▸ **Input data**:
──────

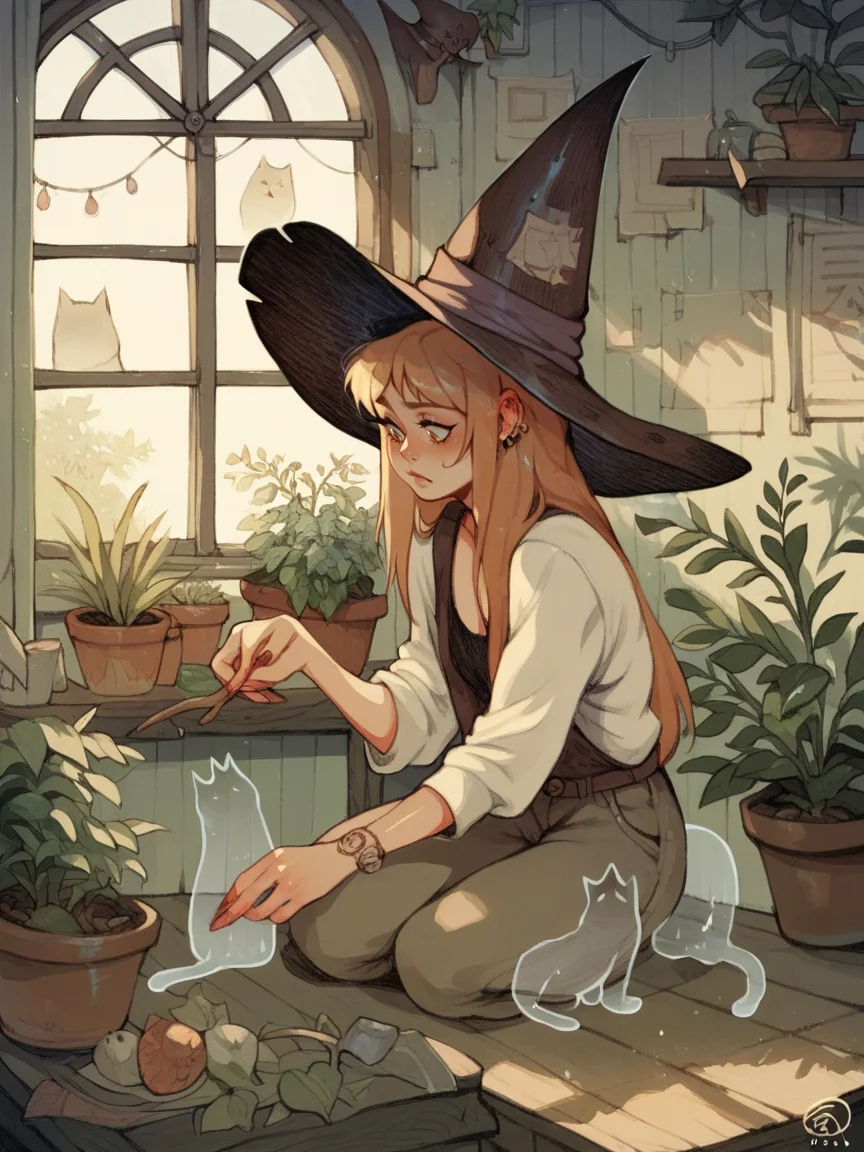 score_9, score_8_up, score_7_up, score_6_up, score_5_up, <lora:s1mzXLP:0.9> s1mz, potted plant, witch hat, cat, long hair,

──────

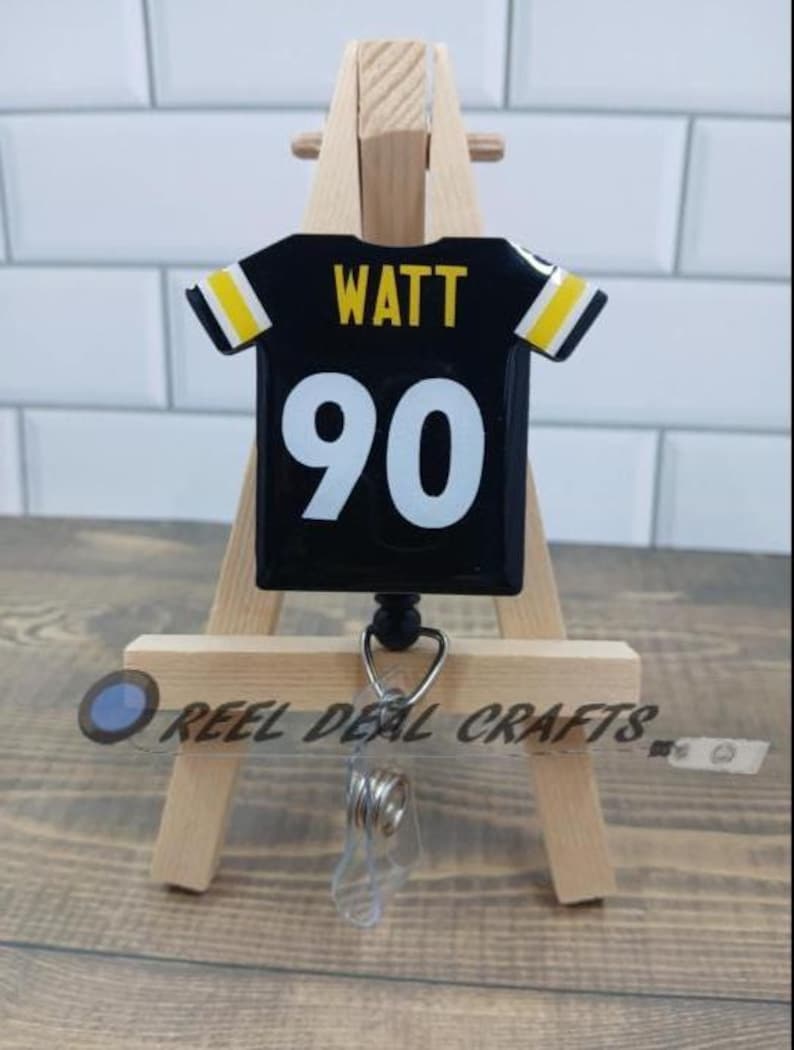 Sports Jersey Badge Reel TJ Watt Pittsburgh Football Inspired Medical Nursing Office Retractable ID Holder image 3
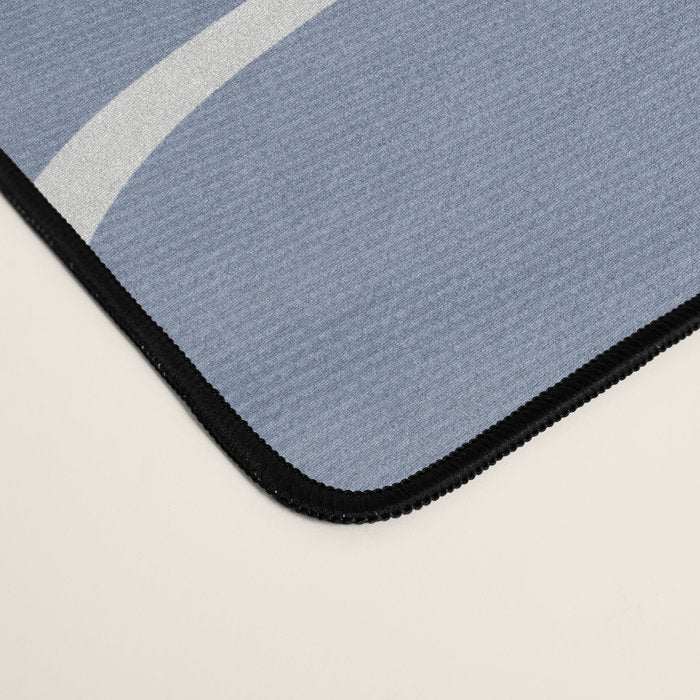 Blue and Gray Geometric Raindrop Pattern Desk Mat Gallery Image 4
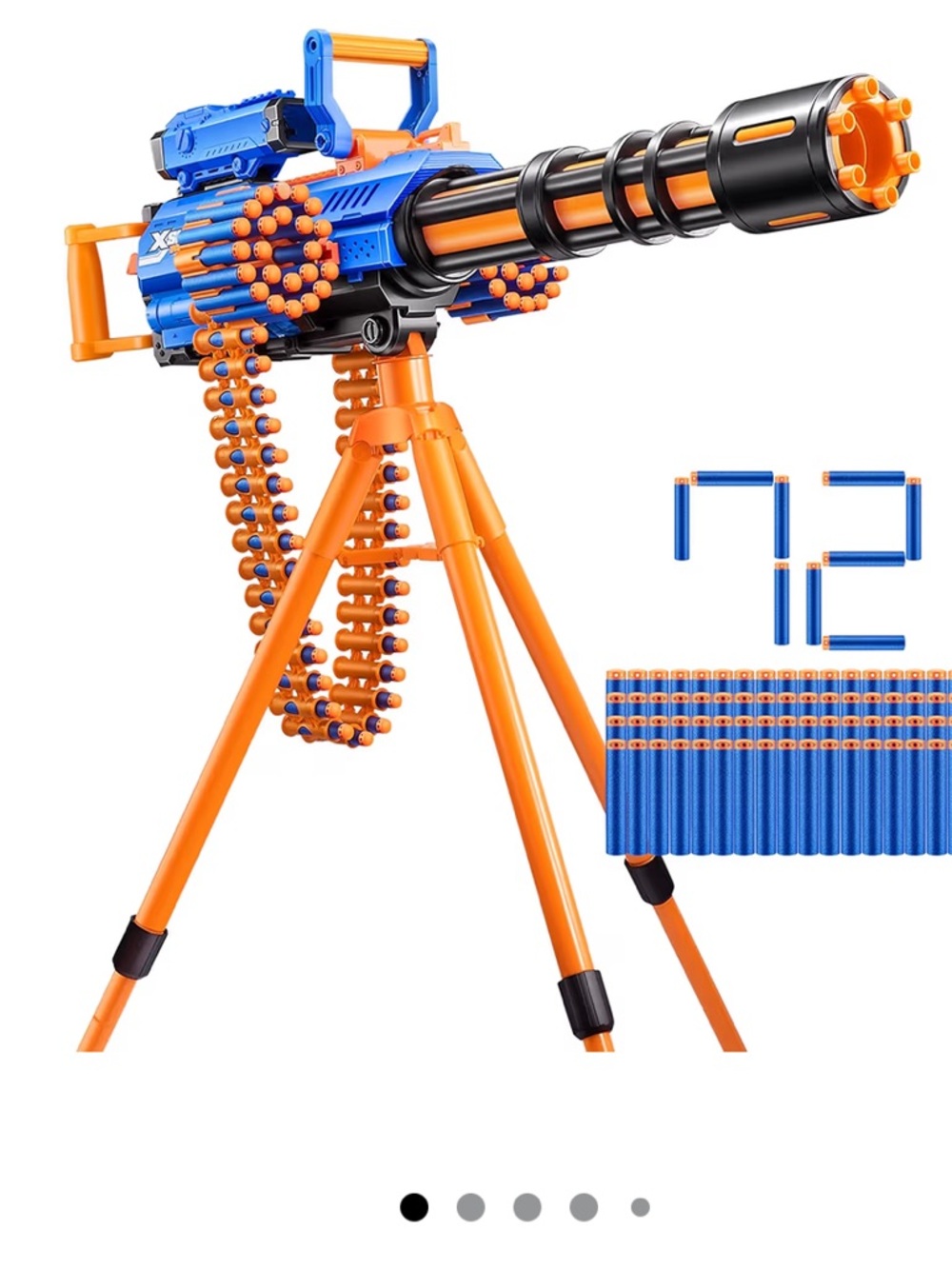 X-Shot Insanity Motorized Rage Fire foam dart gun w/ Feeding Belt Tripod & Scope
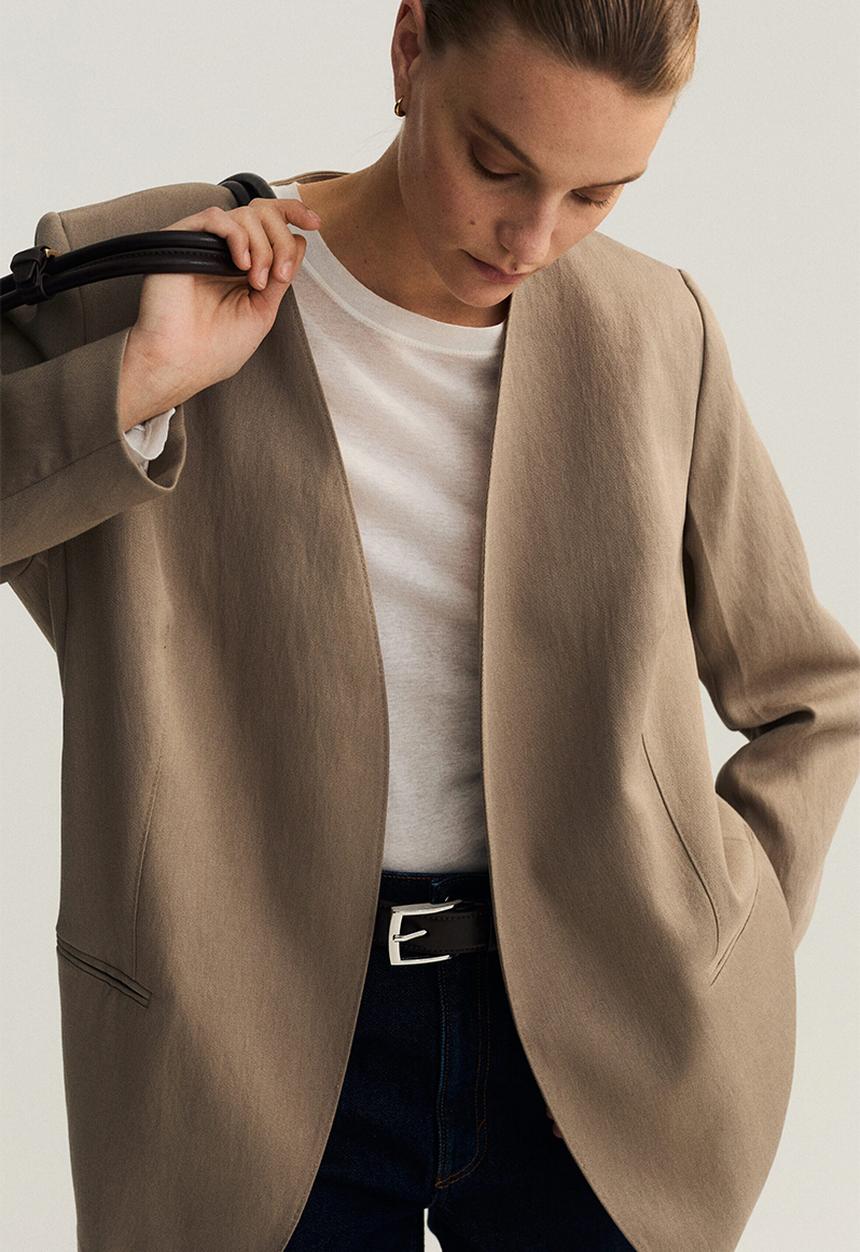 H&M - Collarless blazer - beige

──────

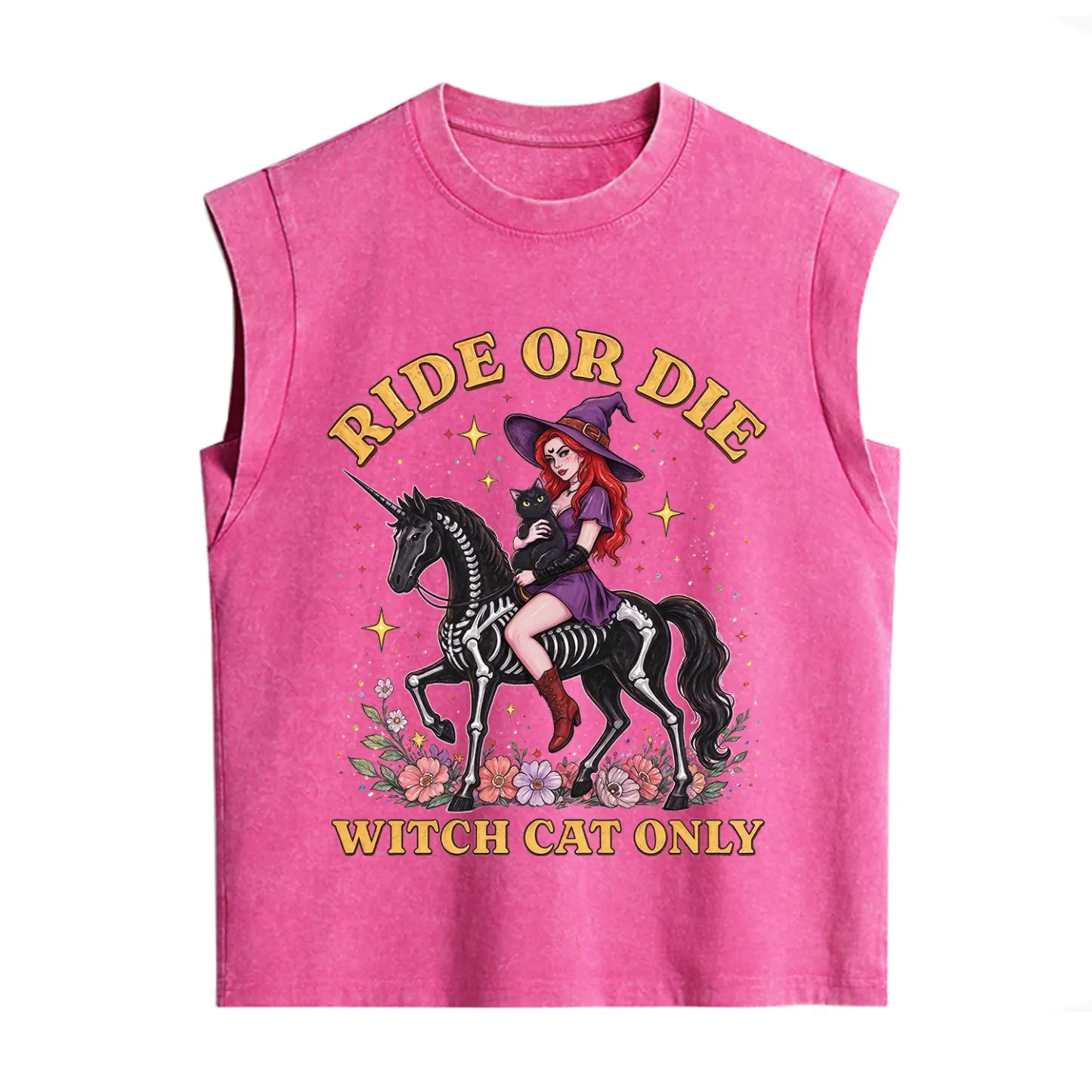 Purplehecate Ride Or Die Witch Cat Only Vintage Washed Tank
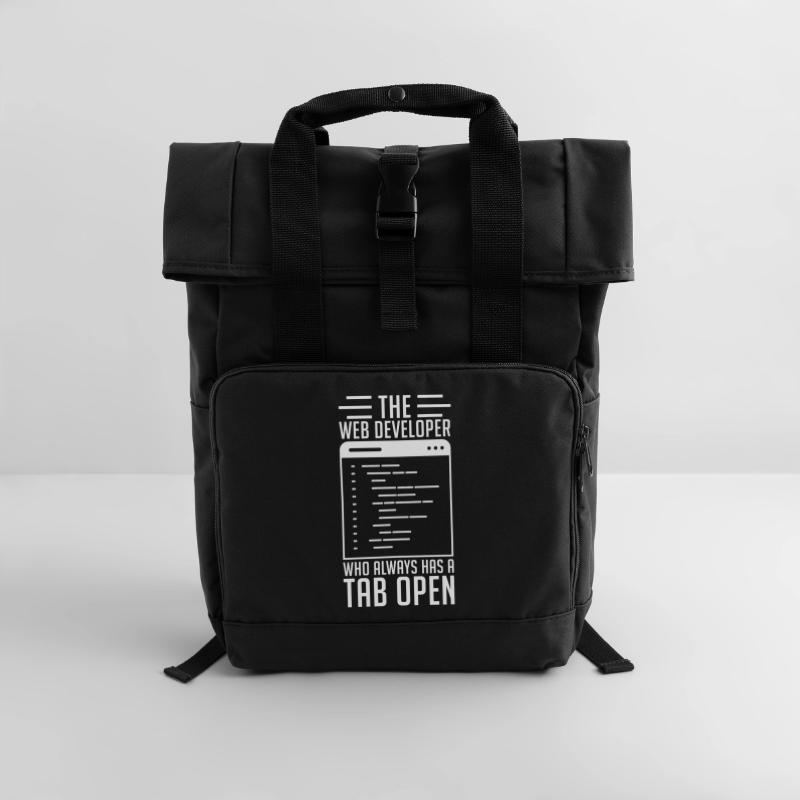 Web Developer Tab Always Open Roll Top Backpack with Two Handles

──────

▸ **Your objective**:
Write out the lines above from the one with "Sports Jersey Badge" through the one with "H&M - Collarless blazer - beige", ends included, exactly; no picture goes in.

▸ **Exercise result**:
 Sports Jersey Badge Reel TJ Watt Pittsburgh Football Inspired Medical Nursing Office Retractable ID Holder image 3
 Blue and Gray Geometric Raindrop Pattern Desk Mat Gallery Image 4
 X-Shot Insanity Motorized Rage Fire foam dart gun w/ Feeding Belt Tripod & Scope
 H&M - Collarless blazer - beige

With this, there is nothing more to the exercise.